§ Dataset extract
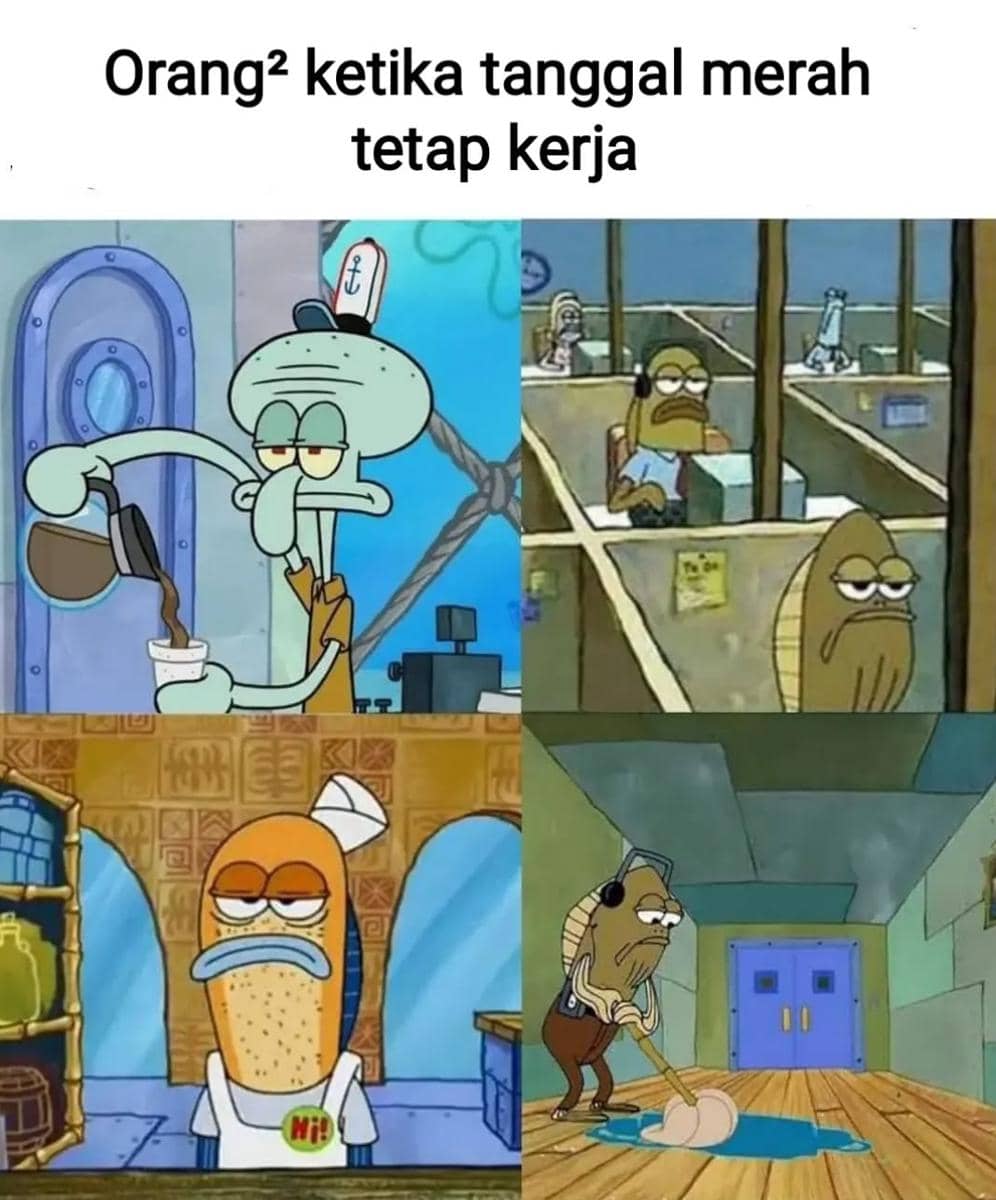 meme gaji mungil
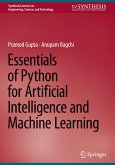 Essentials of Python for Artificial Intelligence and Machine Learning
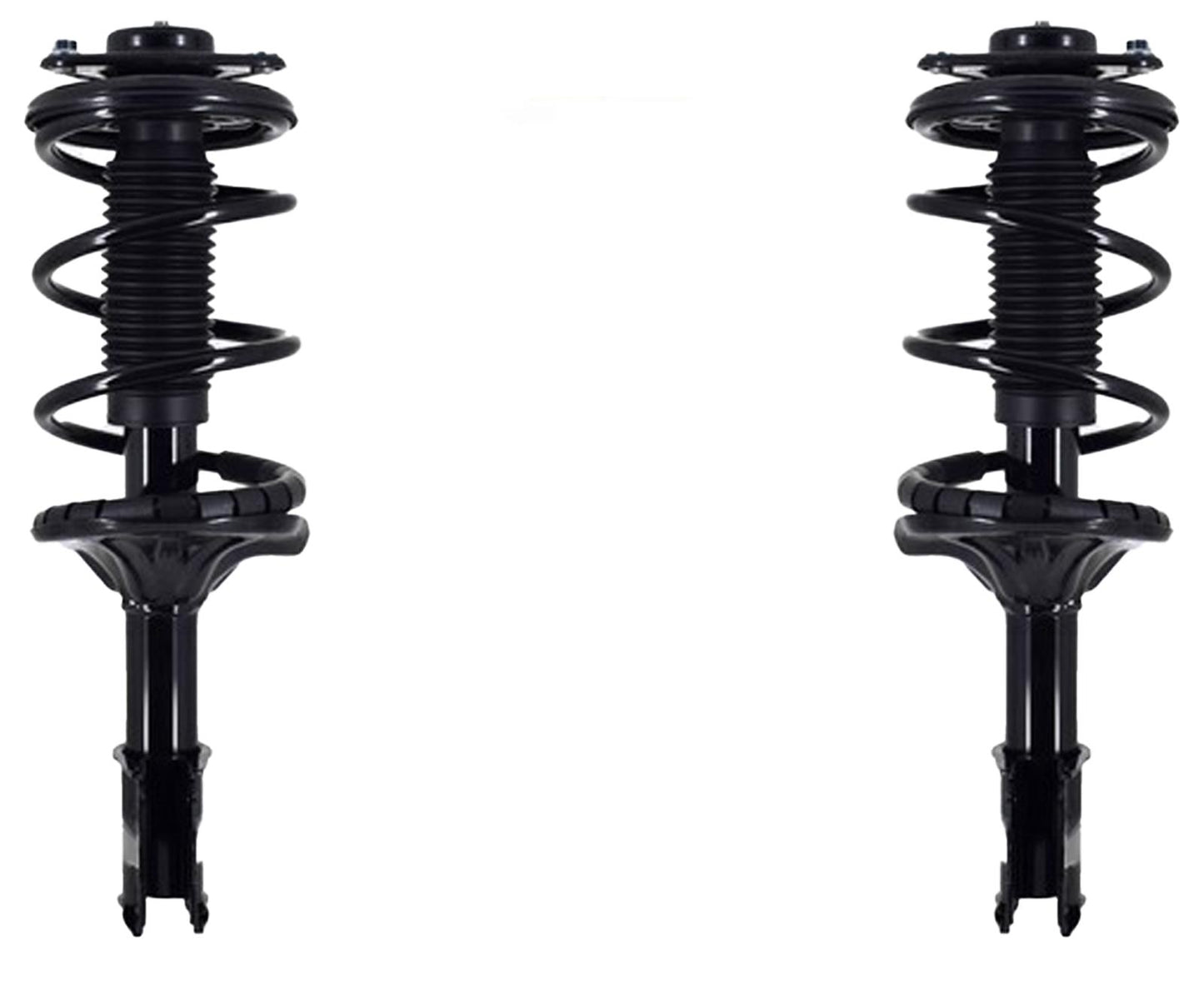 Front Complete Struts With Coil Spring Assembly For Lancer LS OZ Rally 2002-2007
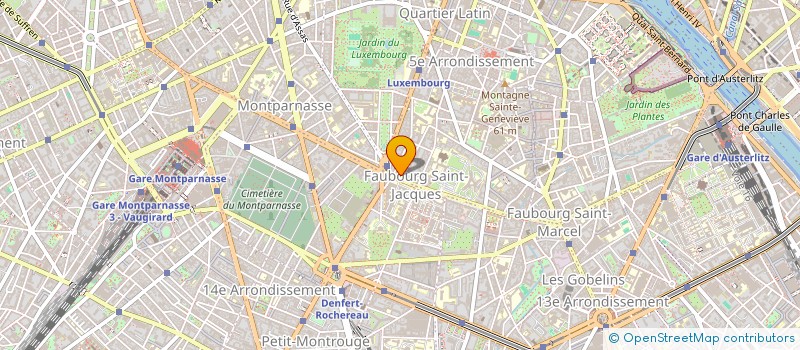 localisation de l'entreprise MADAME NATHALIE AGBESSI à PARIS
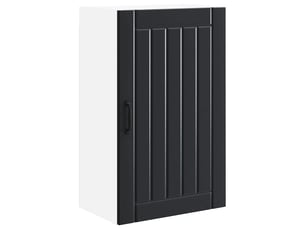 Meuble mural de cuisine, armoire de cuisine noir 50x31x80cm bois d'ingénierie shl2355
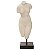 PECA DECORATIVA DE RESINA COM BASE 12,5CM X 11CM X 37,5CM - Imagem 1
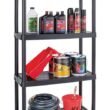 Maxit 54-1/2 in. H X 32 in. W X 14 in. D Resin Shelving Unit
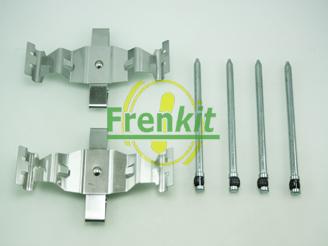 Frenkit 901786 - Комплектуючі, колодки дискового гальма autozip.com.ua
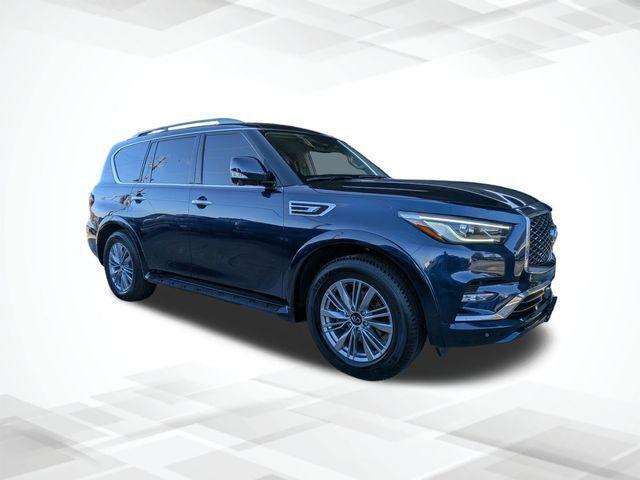 2023 INFINITI QX80 LUXE AWD 2023 INFINITI QX80 LUXE AWD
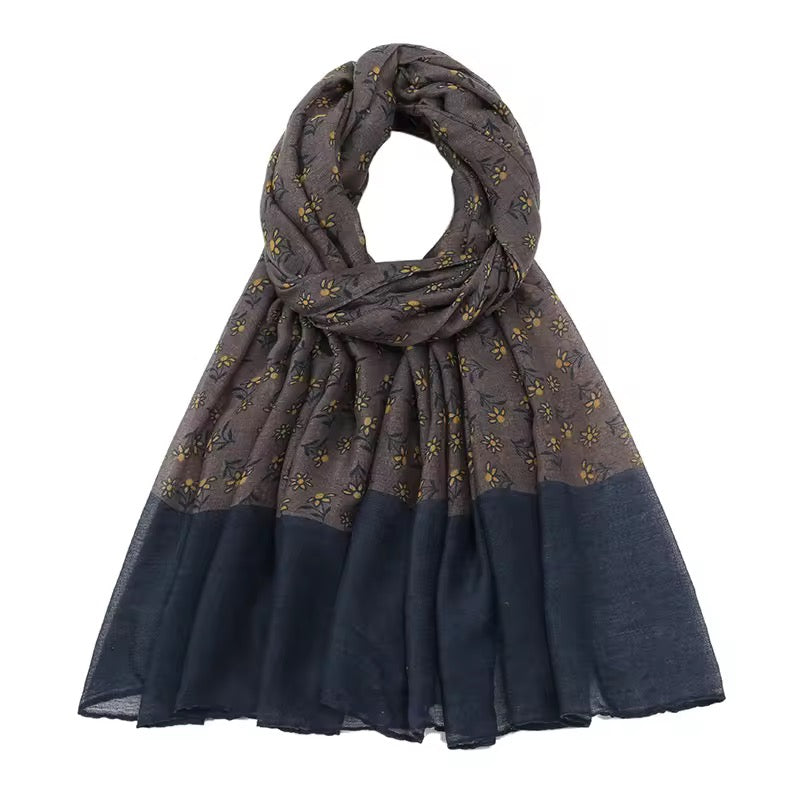 Folky Blue & Grey
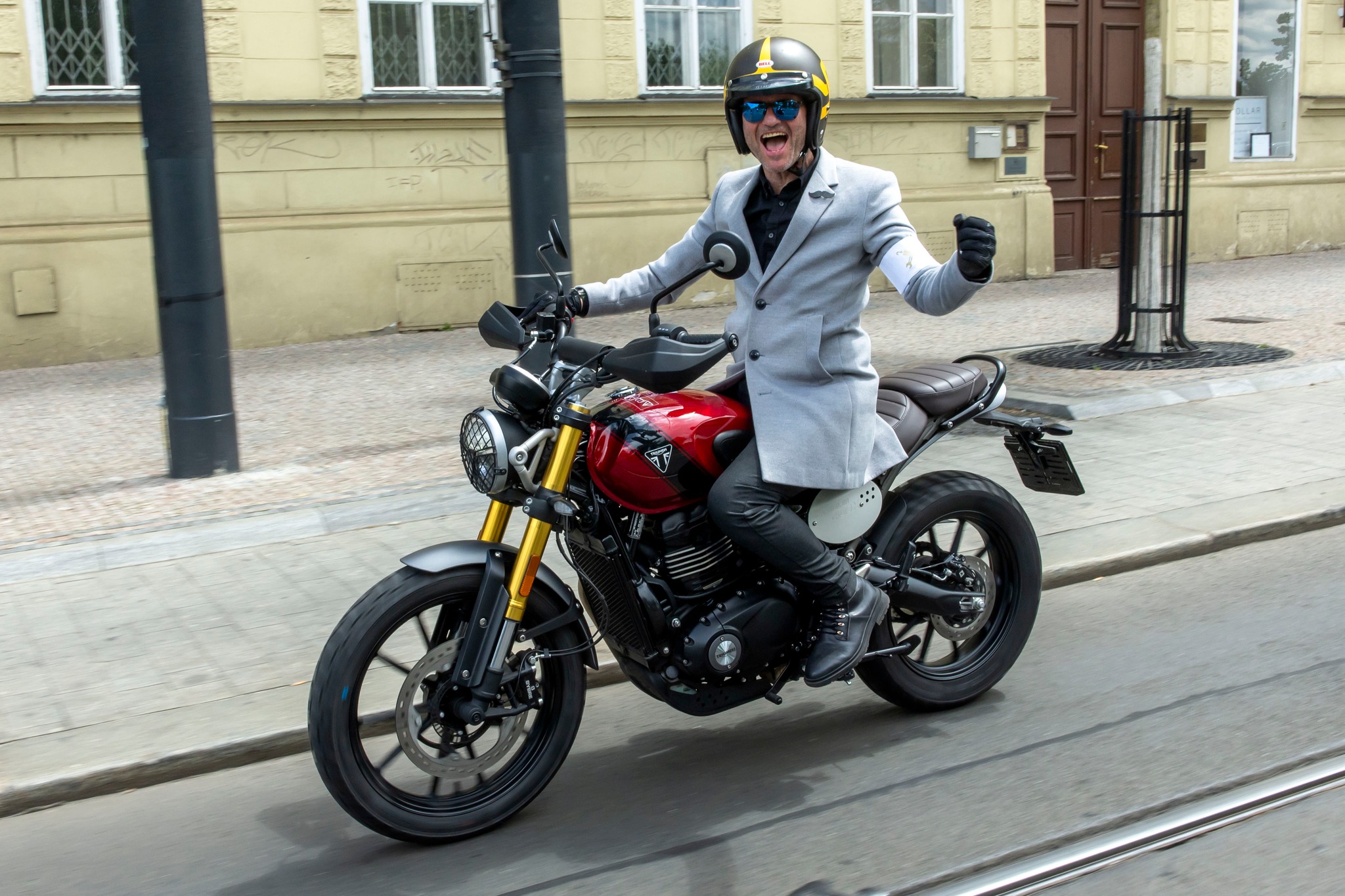 The Distinguished Gentleman’s Ride 2025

§ What the exercise asks
Your output should consist solely of the lines from the line containing "Front Complete Struts" through the last line of the entries, verbatim, minus any pictures.

§ Output
 Front Complete Struts With Coil Spring Assembly For Lancer LS OZ Rally 2002-2007
 localisation de l'entreprise MADAME NATHALIE AGBESSI à PARIS
 Meuble mural de cuisine, armoire de cuisine noir 50x31x80cm bois d'ingénierie shl2355
 PECA DECORATIVA DE RESINA COM BASE 12,5CM X 11CM X 37,5CM - Imagem 1
 Maxit 54-1/2 in. H X 32 in. W X 14 in. D Resin Shelving Unit
 Frenkit 901786 - Комплектуючі, колодки дискового гальма autozip.com.ua
 2023 INFINITI QX80 LUXE AWD 2023 INFINITI QX80 LUXE AWD
 Folky Blue & Grey
 The Distinguished Gentleman’s Ride 2025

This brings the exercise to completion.